An approach by Musto et al. [69] follows a two-step
process: the first step is building a framework using a non-
symmetric measure called Kullback-Leibler divergence to
extract the aspects, and for each aspect, the sub-aspects are
extracted using phrases and informativeness measures
proposed by Tomokiyo & Hurst [83]. Subsequently, a
sentiment score for each main aspect and its sub-aspects is
assigned using two strategies: a model-based algorithm that
utilizes deep learning method proposed by Socher et al. [82]
and a lexicon-based algorithm proposed by Musto et al. [84]

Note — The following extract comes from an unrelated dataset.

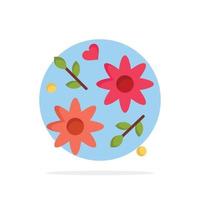 Flower Gift Love Wedding Abstract Circle Background Flat color Icon vector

which is based on the AFINN wordlist created by Nielsen
[85]. The second step used the extracted aspects to feed the
multi-criteria user-based and item-based CF algorithms. The
sentiment score that resulted from the first step is considered
as a rating, and the similarity between two users (or items) is
calculated using the multi-dimensional Euclidean distance
[40]. Their experimental evaluation included three datasets
Yelp, TripAdvisor and Amazon. The best performance is
achieved from the user-based CF with 10 aspects except for
the Amazon dataset with 50 aspects. The results of the
proposed algorithm also outperform all the single-criterion
recommendation algorithms and algorithms that are based on
the matrix factorization in terms of mean average error
(MAE).
Akhtar et al. [86] present a technique for analyzing hotel
reviews and extracting valuable information from them to
help service providers and customers. The technique is
targeted at TripAdvisor website’s users. Two types of
information are crawled and extracted from the TripAdvisor:
the review text and the metadata. Then, each review is
classified into one of the predefined categories. These
categories are aspects that frequently recur in the review data
set. After that, the topic modeling technique Latent Dirichlet
Allocation (LDA) is applied to reveal the hidden topics from
the reviews. Finally, sentiment analysis is performed using
SentiWordNet corpus to calculate the review’s polarity by
aggregating the positive and negative words in the review.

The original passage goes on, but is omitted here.